第8話 戦乙女クランの成り立ち
レオノールが戦乙女というクランを立ち上げたのは、女性の地位を向上させる為にという目的があった。
男性の力を借りることなく、女性だけで生きていくための力を手に入れる。その手助けが出来るような組織を作りたい。
そんな理想を思い描いているんだと、村に住んでいた頃に彼女は僕に語った。
昔から、女性だけで組む冒険者パーティーというのは存在していたらしい。だが、ものすごく珍しいと言われるぐらいには稀だった。
基本的に、男性と比べて女性の冒険者は体力や筋力などが劣っていると言われる。戦闘に不向きだというのが共通認識だった。実は、そんな事はないのだが。女性でも鍛えたら闘うことが出来る。体力や筋力は男性よりも不利かもしれないが、俊敏性や技術の習得の早さは女性の方が有利、という場合もよくあった。
それなのに、なぜか女性は弱いというイメージは根強い。
女性だけでパーティーを組むと、珍しさや色々な理由でターゲットにされやすい。自衛できずに、周りから向けられる悪意によって女性パーティーは壊されてきた。
その常識を壊したい。
女性だけ集めて、男性は加入を拒否する。クランに加入するための、特殊な条件を設けている所は、過去に存在していなかった。
そんな状況の中、レオノールという人並み外れたカリスマ性を持つ女性が現れて、新たなクランを立ち上げた。
女性でありながら能力も飛び抜けていた彼女が先頭に立ち、女性だけが加入できる特別なクランを。

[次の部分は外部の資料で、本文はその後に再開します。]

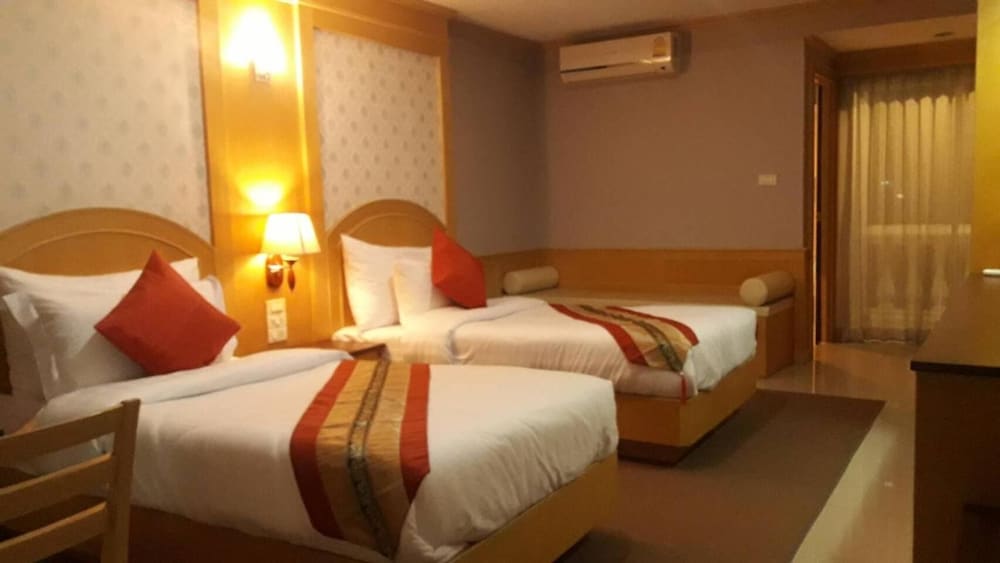 The Lion King Hotel 29/63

そしてなぜか僕も、女性だけのクランに加入させられた。
「僕、男なんだけど。男性は、加入しちゃダメなんじゃないの?」
「ギルは特別だ」
「女性のためのクランなのに男性が居るだなんてバレたら、色々と問題になるんじゃないの?」
「バレなかったら、別にいいさ。ここに居るのは、女性だけ。世間がそう思ったなら何も問題はない」
色々と破綻しているような気もするけれど、レオノールはバレなければ別にいいと考えているらしい。目的を達成するためなら、少しぐらいズルしても良いだろう、と思っている。

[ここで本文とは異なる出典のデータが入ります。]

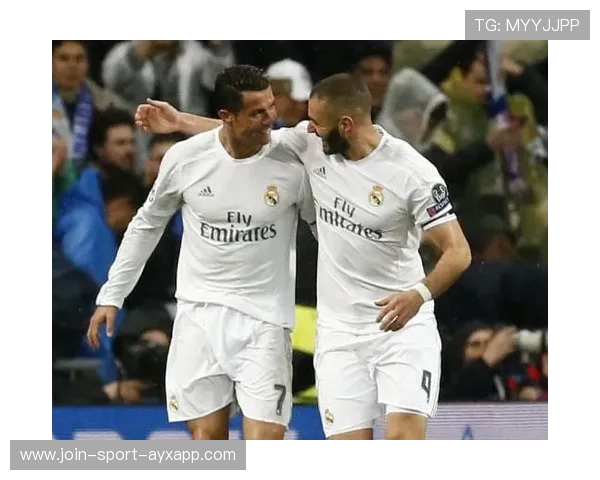 蓝狮锋线组合默契提升，主帅信心倍增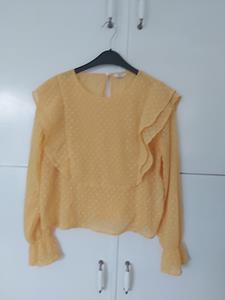 40 ONLY yellow ruffle -HN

「ギルは、私を助けてくれないのか? あの約束は、嘘だったのか!?」
「ッ! わ、わかったよ! だから、そんな悲しい顔をしないでよ」
「ありがとう、ギル!」
結局、僕はレオノールの泣き落としでクランのメンバーに加入することとなった。僕は、彼女の涙に弱い。そして、嬉しそうな笑顔にも弱かった。

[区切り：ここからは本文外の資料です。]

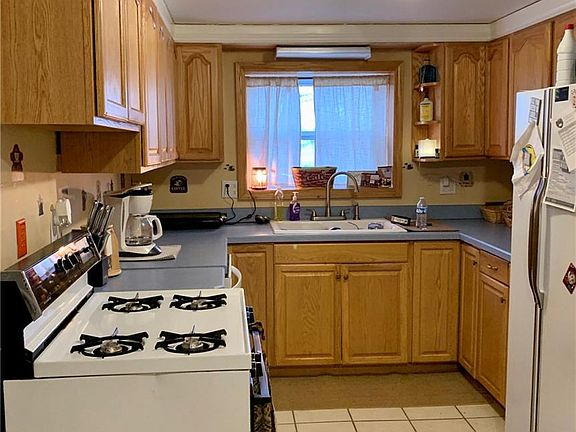5th image of 2213 Sheffield Pl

戦乙女と名付けられたクランを立ち上げた当初、周りから色々と言われて批判的な意見もかなり多かった。それでも、レオノールと立ち上げに関わったメンバーたちは周囲の悪意に負けることなく、冒険者の活動を続けた。
「言いたいやつには、勝手に言わせておけばいい」
レオノールはそう言って、周囲の意見なんて気にも留めずに戦乙女クランの運営を続けた。冒険者ギルドから依頼される仕事を確実に達成していって、数多くの実績を積んだ。
徐々に、戦乙女クランは評判を上げていく。すると、能力の高い女性冒険者たちが噂を聞いて、クランへの加入希望で訪ねてくるようになった。
彼女たちは、今までは色々と我慢してきたけれど、もう無理だと思って男尊女卑の思想が強いパーティーから抜けてきた冒険者。
戦乙女クランは、そんな冒険者を歓迎した。
そして今では、戦乙女というクランは王都でも名の知れた女性冒険者集団となっていた。
数多くあるクランの中でも一番多くの実績を積み、優れた結果を残しているクランとして王国中で知られている。
それなのに、この世の中には凝り固まった思考で女性冒険者の集団だというだけで批判する連中は、まだまだ沢山居る。